CITE:  229 F.2d 35
CMON:  January 1956
PLAIN: Charles Miner
DEFND: Employers Mutual Liability Insurance Co. of Wisconsin
COURT: United States Court of Appeals District of Columbia Circuit
DATE:  January 12, 1956

HISTORY:
Copyright infringement proceeding.  The United States District Court for
the District of Columbia, Burnita Shelton Mathews, J., granted summary
judgment in favor of defendant, and plaintiff appealed.  The Court of
Appeals held that where there was no similarity in arrangement of words
of plaintiff's copyrighted insurance policies and arrangement of words
in defendant's policy, and defendant had not appropriated in exact form
or substantially so plaintiff's copyright material, there was no
infringement by defendant.

Affirmed.

SUMMARY:
  Method for insurance policy is not copyrightable.

JUDGE: PER CURIAM
Before BAZELON, WASHINGTON and BASTIAN, Circuit Judges.

DECISION:

Plaintiff-appellant's complaint in the District Court alleged that a form
of insurance policy devised and copyrighted by him had been copied by the
appellee.  The complaint rested in part at least on the theory that the
substance of the coverage given by the plaintiff's policy, namely,
insurance against loss from failure to record chattel mortgages and like
instruments, cannot be provided by other persons of companies without
infringing his copyright.  That theory must fail: others remain free to
compete by offering similar coverages.  See Dorsey v.

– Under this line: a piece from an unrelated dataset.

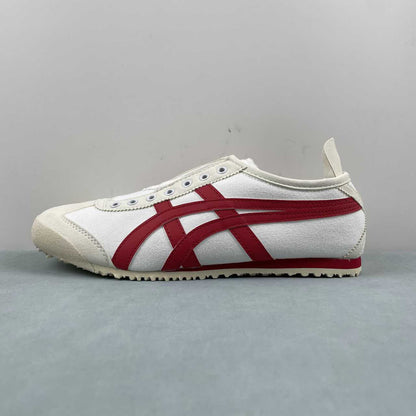 Tênis Couro Estilo Vintage Branco Bordô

Old Surety Life
Insurance Co., 10 Cir., 1938, 98 F.2d 872, 874, 110 A.L.R. 1250. {1}
Plaintiff also alleged that defendant's policy form is so closely parallel
in its terms to plaintiff's as to constitute an infringement.  As to this,
the District Court held that "there is no similarity in the arrangement of
words in defendant's policy and that defendant has not appropriated in
the exact form or substantially so plaintiff's copyright material."  The
court was not in error in so holding.  It did not pass, and we find it
unnecessary to pass, upon the validity of plaintiff's copyrights.  The
court correctly concluded "that assuming that plaintiff's copyrights are
valid, there has been no infringement thereof by defendant."

No genuine issue of material fact was raised {2}.  The action of the
District Court in granting summary judgment in favor of the 
defendant-appellee will accordingly be

Affirmed.

FOOTNOTES:

{1} Cases cited by plaintiff, involving former employees and other persons
in privity, are of course distinguishable.  Smith v. Thompson,
D.C.S.D. Cal. 1941, 43 F. Supp. 848, and cases there cited.

{2} Plaintiff alleged, and defendant denied, that the latter had had
knowledge of and access to plaintiff's policy form.  But this seems an
immaterial issue under all the circumstances of the instant case,
especially since there is no similarity in language.  Cain v. Universal
Pictures Co., D.C.S.D. Cal. 1942, 47 F.Supp. 1013, 1015; cf. Chamberlin
v. Uris Sales Corp., 2 Cir., 1945, 150 F.2d 512; Carr v. National
Capitol Press, 1934, 63 App. D.C. 210, 71 F.2d 220.